La volonté contemporaine, très générale, d’en finir avec les règles, si elle a produit et produit encore nombre d’ « artistes », a tué l’art. (Quand tout est possible, il est presque impossible de ne pas faire n’importe quoi ; et cela, n’importe qui peut le faire.)

La tragédie, qui mettait en scène la Référence, justifiant ainsi de l’origine du Pouvoir, fut dans son esprit même jugée « protofasciste », et condamnée aussitôt ; quant à la comédie, qui moquait ce même Pouvoir en son action temporelle, ayant elle aussi besoin des subsides des puissants, elle fut jugée trop réellement dangereuse. (La lâcheté est une des conditions du suicide.)

La manie spectaculaire de l’époque, ensuite, commanda que le texte soit informe, ni ceci, ni cela ; qu’il devienne en quelque sorte « scénario » disparaissant dans sa « réalisation » éphémère : lors la complaisance et le non-sens s’arrachèrent gémellairement le marché. Et il fallut alors que des auteurs satisfaits de leur néant se détrempassent au marécage pour y misérablement grenouiller. (Théâtre, littérature, et même roman, sont des mots que leur surexploitation a vidé de leur contenu.)
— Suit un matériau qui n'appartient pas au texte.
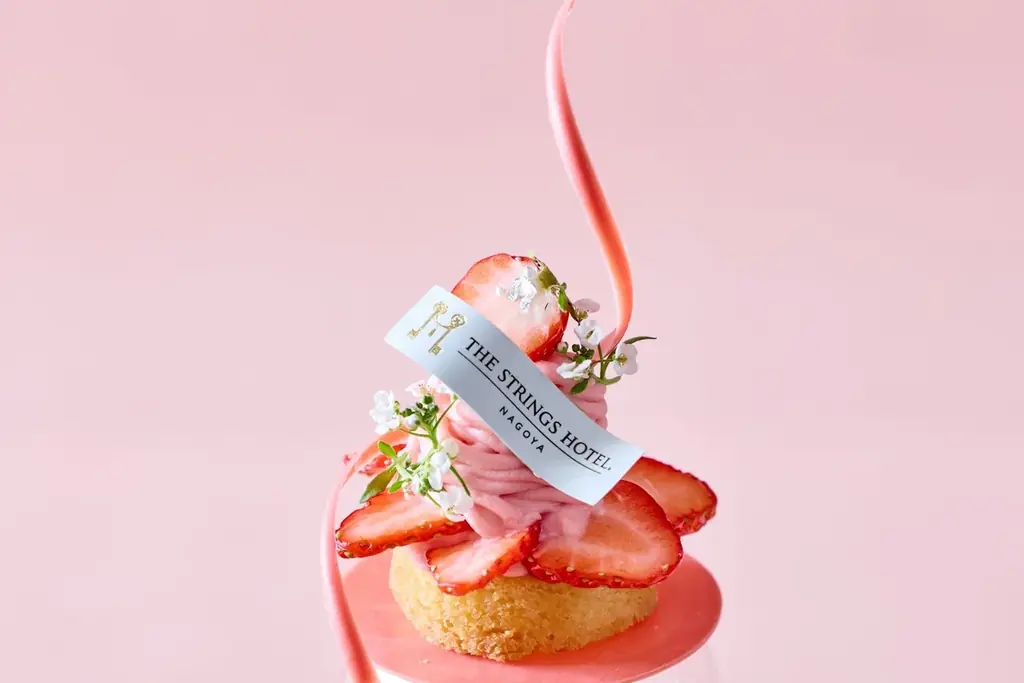 【名古屋】【開業10周年】心ゆくまで苺を愛でる、贅沢な春のひととき。桜香るグラスの中にもちもちの苺大福を忍ばせた1か月間限定の春色パフェ！「大人のご褒美パフェ～Strawberry Blossom～」 画像 2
Enfin, la démocratisation massive d’absolument tout, à la recherche d’un consensus totalitaire, hypostasia grossièrement le Dialogue ; et les dialogues à leur tour furent dépossédés de leur originelle puissance conflictuelle. (Il faut désormais que tout conflit réel paraisse absolument barbare.)

Il se peut toutefois qu’on vous dise qu’il n’y a jamais eu, en France au moins, autant de théâtre, mais c’est sans importance : parce qu’il est ordinairement illisible ; parce que, quand par extraordinaire il est lisible, il ne dit rien, ou vraiment pas grand-chose.

 

Ce n’est pas seulement un art, une technique particulière, qui meurt, mais la civilisation qui l’a permis. L’Occident fut une manière d’institution du Père, et voici sous nos yeux sa faillite

Je faux, tu faux, il faut… Ainsi se conjugue le désuet indicatif présent du verbe faillir, dont la troisième personne du singulier recoupe exactement celle du verbe falloir.

Notre époque ne se compare à aucune autre. Les métaphores historiques sont inopérantes, au sens juridique incompétentes – ou plutôt : ne sont opérantes chaque fois que pour des morceaux prédécoupés du monde, et jamais pour l’ensemble. Je parle ici de mutation anthropologique. Peut-être sous couvert de progrès remontons-nous le temps à grande vitesse, filant vers les grandes matriarchies légendaires, inconnues, effrayantes, franchissant même au passage le mur de l’écriture…

Or, dans cette affaire d’écriture, justement, qu’est Tout faut, j’ai dû abandonner successivement toutes mes positions, et jusqu’à l’idée d’un repli qui ne soit pas hypocrite. Mais quoi penser d’une critique qui ne commencerait pas par retoquer les positions mêmes de celui qui l’écrit  – et au contraire les conforterait ?

 

L’absence de règles ne mène à rien, sauf au chaos – et il est vain d’imaginer qu’un chaos d’écriture représente jamais un chaos politique : il s’y fond et c’est tout. Quant aux règles anciennes de la composition dramatique, elles sont mortes avec le monde ancien qu’elles permettaient de représenter ; y recourir par défaut eût été se priver de dire la spécifique ordure de notre époque.

Les règles simples que j’ai suivies se feront bien assez connaître à la lecture, non moins, j’espère, qu’elles se feront oublier.